ローサが「あ、此処は?」と気づくとそこのカゴに入れられてスケルが薪を炊いて火をつけていた。
スケルが「今日は美味しそうな食事が食べられそうだ。旨そうだな」と嬉しそうにしていた。
ローサが「誰か助けて?」と大きな声で叫ぶと、クラリスが「あれは、ライアンの妹?どうして此処に?」と草陰に隠れて見て居た。
クラリスが「このままじゃ、食べられちゃう。はい」と手を叩いて、カゴからローサを助けた。

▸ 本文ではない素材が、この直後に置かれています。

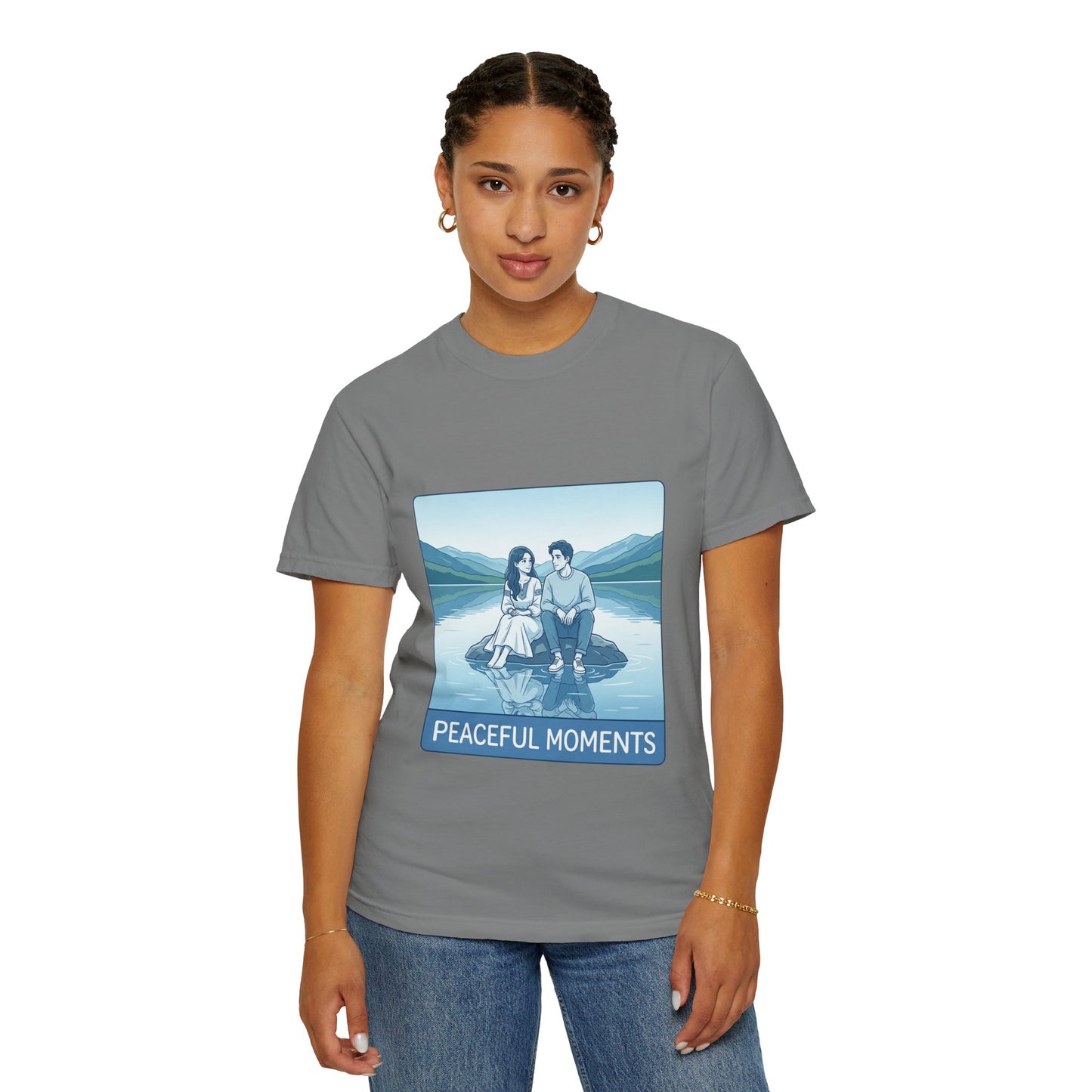 Peaceful Moments Tee — Couple Sitting by Lake Graphic T-Shirt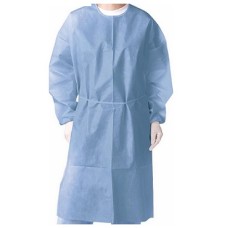 ISOLATION GOWN LARGE, KNIT CUFF, BLUE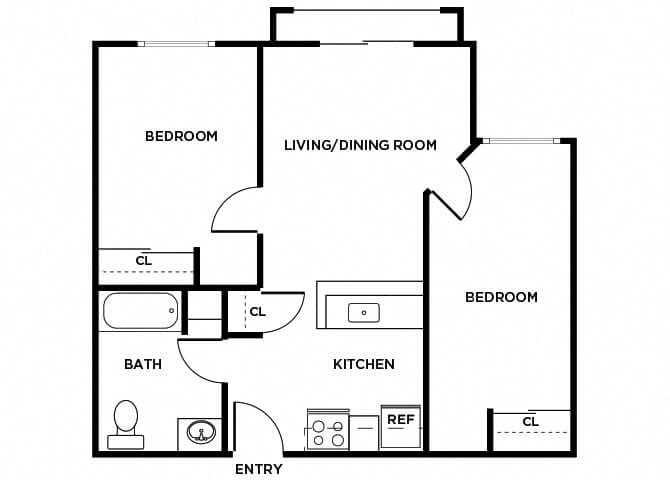 Floor plan for 2 beds, 1 bath, 730 sqft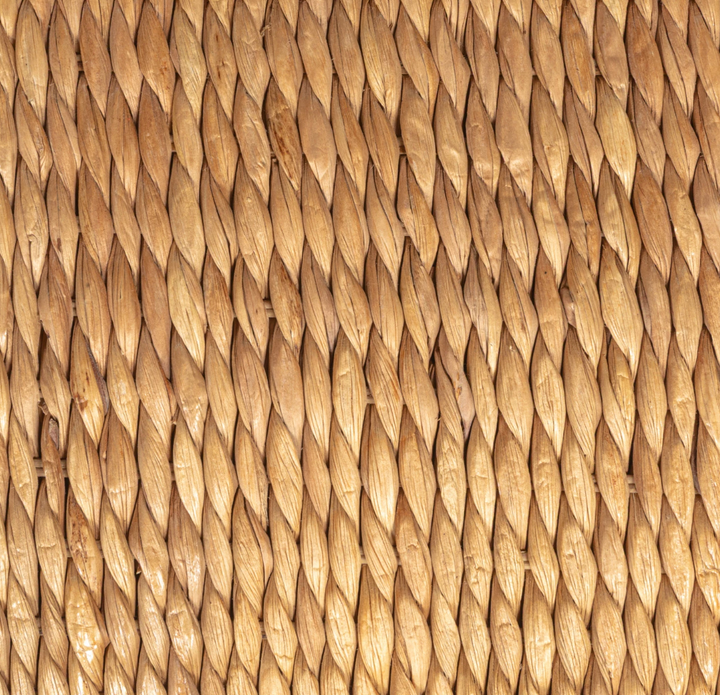 Woven Water Hyacinth & Wood Stool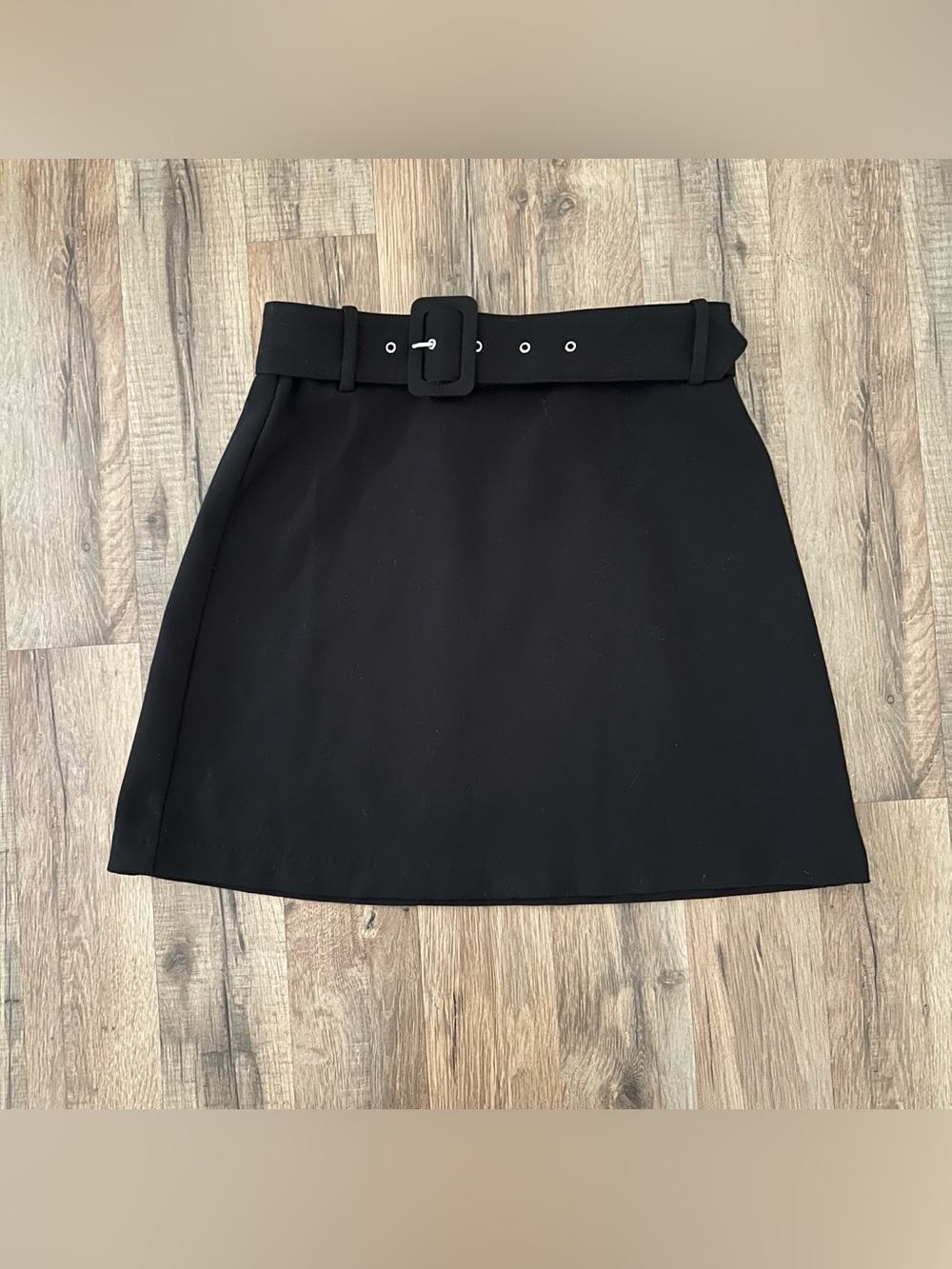 Zara Black Belted Mini Skirt Size Small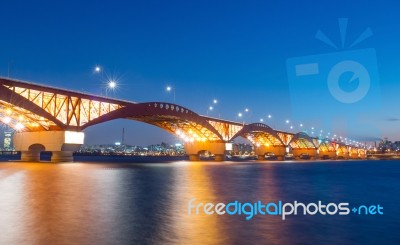 Seongsan Bridge In Korea Stock Photo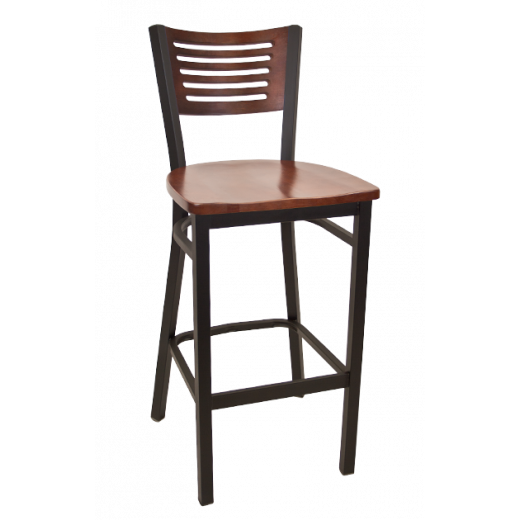 5 Slats Back Wooden Seat Metal Swivel Barstool w/ Back & Seat in Dark Mahogany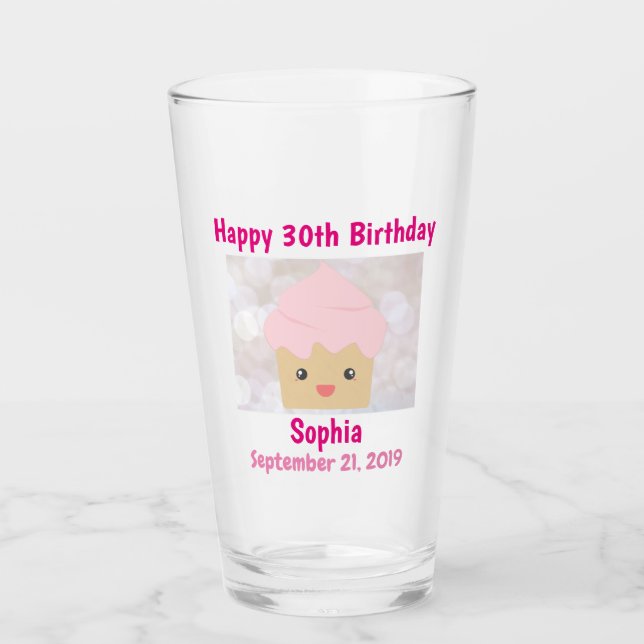 30. Glück Geburtstag Niedlich Pink Cupcake Souveni Glas (Vorderseite)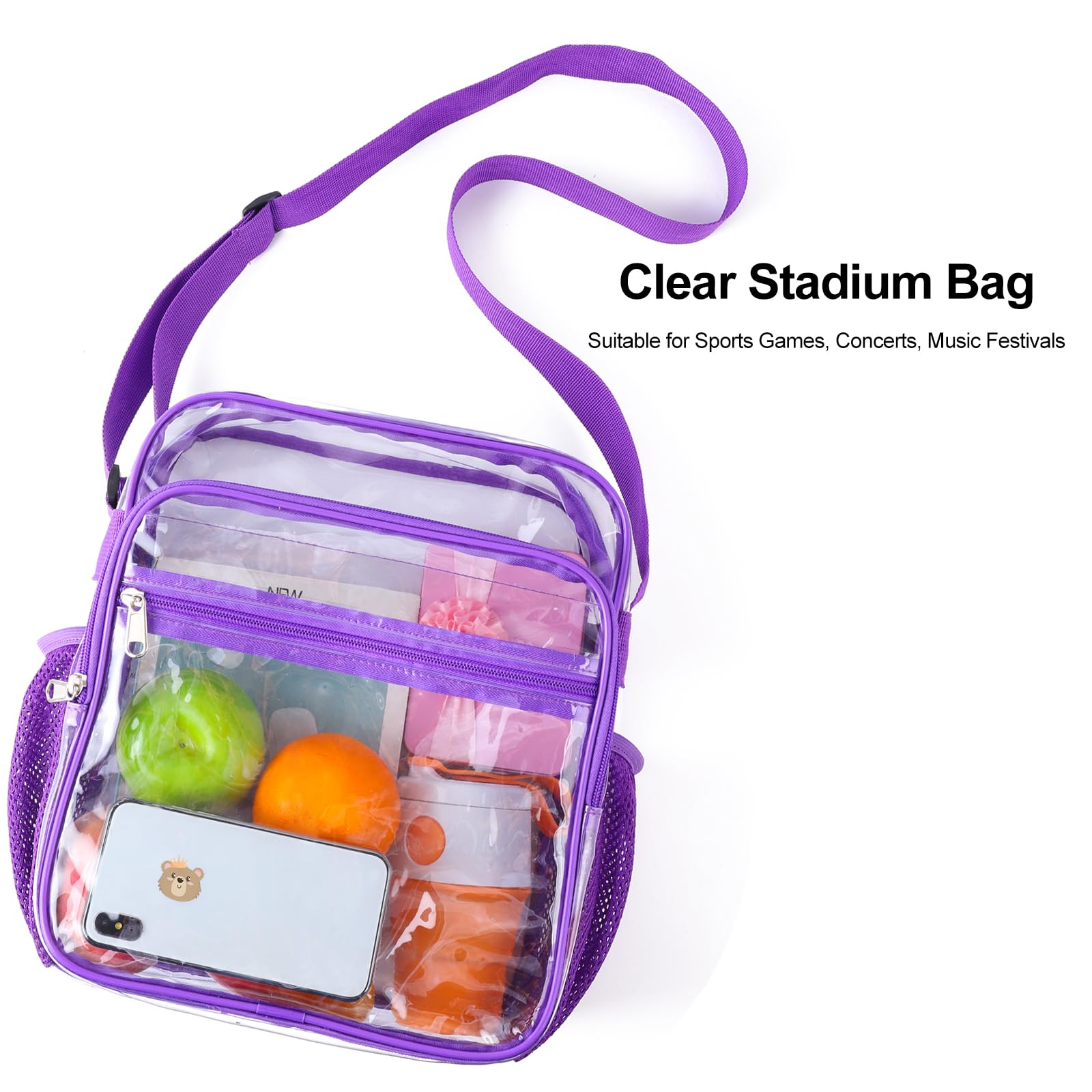 Clear Bag Stadium Approved, Clear Crossbody Messenger Shoulder Bag with Adjustable Strap for Concerts, Sports Events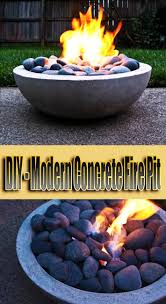 A small, handmade fire bowl brings ambiance and warmth to an outdoor setting. Diy Modern Concrete Fire Pit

ローサは「ありがとう。お姉ちゃん」と涙を流して居た。
クラリスは、ローサを助けてライアンの家に向かった。
ライアンは「あれ?ローサが居ない。何処に行ったんだ?」と家の周りをくまなく探して居た。
その時、クラリスがローサを連れて現れた。
クラリスが「あんたね?妹がさっき食べられそうになって居たのよ?スケルは私達を陥れようとしているのよ」とライアンに注意をした。
ライアンは「悪かったな。ローサ。俺は今まで寝て居て気づかなかった。ごめん」と深々とお辞儀をした。
ローサは「大丈夫だよ?お兄ちゃん。私も注意しなかったから悪かったの。でも、お姉ちゃんが助けてくれたから、嬉しかった」とクラリスに笑顔を見せた。
そうしてスケルは、またお腹を空かせて森の奥へと姿を消したのだった。